The most basic use case is streaming text responses:

async for chunk in agent.stream("Explain quantum computing"):
    print(chunk.content, end="", flush=True)

Collecting Complete Response

You can collect the entire streamed response:

from agenticraft.core.streaming import StreamingResponse

response = StreamingResponse()
async for chunk in agent.stream("List the planets"):
    response.add_chunk(chunk)
    print(".", end="", flush=True)  # Progress indicator

print(f"\nComplete response: {response.complete_text}")
print(f"Duration: {response.duration:.2f} seconds")
print(f"Chunks received: {response.chunk_count}")

Checking Provider Support

Not all providers support streaming.
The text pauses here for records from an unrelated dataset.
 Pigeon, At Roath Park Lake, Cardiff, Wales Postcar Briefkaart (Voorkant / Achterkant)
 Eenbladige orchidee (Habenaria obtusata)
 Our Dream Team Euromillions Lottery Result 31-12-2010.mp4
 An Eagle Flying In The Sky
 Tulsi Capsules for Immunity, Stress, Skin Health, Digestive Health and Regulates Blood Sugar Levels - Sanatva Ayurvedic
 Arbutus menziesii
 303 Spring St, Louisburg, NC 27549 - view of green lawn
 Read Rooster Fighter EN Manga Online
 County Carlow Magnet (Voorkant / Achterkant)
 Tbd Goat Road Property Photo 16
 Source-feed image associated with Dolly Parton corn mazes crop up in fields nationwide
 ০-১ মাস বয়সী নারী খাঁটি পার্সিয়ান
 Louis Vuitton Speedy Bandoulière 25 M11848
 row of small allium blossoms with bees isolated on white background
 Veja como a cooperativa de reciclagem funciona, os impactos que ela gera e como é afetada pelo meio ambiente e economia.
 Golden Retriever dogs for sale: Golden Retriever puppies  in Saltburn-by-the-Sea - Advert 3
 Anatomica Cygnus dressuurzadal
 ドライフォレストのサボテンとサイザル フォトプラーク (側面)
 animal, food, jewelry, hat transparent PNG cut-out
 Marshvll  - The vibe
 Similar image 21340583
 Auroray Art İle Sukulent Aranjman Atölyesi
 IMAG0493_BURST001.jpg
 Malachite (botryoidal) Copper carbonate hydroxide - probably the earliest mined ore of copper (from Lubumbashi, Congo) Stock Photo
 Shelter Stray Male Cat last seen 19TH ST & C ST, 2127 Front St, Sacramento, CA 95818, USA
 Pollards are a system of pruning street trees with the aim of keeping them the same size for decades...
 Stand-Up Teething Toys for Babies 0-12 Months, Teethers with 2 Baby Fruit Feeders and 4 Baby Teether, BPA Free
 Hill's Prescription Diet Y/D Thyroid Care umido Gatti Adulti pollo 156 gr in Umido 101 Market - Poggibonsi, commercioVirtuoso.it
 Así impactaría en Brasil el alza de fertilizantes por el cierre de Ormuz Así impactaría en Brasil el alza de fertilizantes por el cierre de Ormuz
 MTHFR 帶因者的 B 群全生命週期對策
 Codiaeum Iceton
Always check first:

info = agent.get_provider_info()
if info['supports_streaming']:
    async for chunk in agent.stream(prompt):
        # Process chunks
else:
    # Fall back to regular completion
    response = await agent.arun(prompt)

Advanced Usage

Stream Interruption

Handle stream interruptions gracefully:

from agenticraft.core.streaming import StreamInterruptedError

try:
    char_count = 0
    async for chunk in agent.stream("Write a long essay"):
        print(chunk.content, end="", flush=True)
        char_count += len(chunk.content)

        # Interrupt after 100 characters
        if char_count > 100:
            break

except StreamInterruptedError as e:
    print(f"Stream interrupted: {e}")
    if e.partial_response:
        print(f"Partial response: {e.partial_response}")

Streaming with Parameters

Pass additional parameters to control generation:

async for chunk in agent.stream(
    "Write a creative story",
    temperature=0.9,
    max_tokens=500,
    top_p=0.95
):
    print(chunk.content, end="", flush=True)

Progress Tracking

Track streaming progress in real-time:

import time

start_time = time.time()
token_count = 0

async for chunk in agent.stream("Explain machine learning"):
    print(chunk.content, end="", flush=True)
    token_count += len(chunk.content.split())

    # Show progress
    elapsed = time.time() - start_time
    tokens_per_second = token_count / elapsed if elapsed > 0 else 0
    print(f"\r[{token_count} tokens, {tokens_per_second:.1f} tok/s]", 
          end="", flush=True)

Streaming with Tools

Important: When using tools with WorkflowAgent and streaming, you must use the handler pattern instead of the @tool decorator for reliable operation.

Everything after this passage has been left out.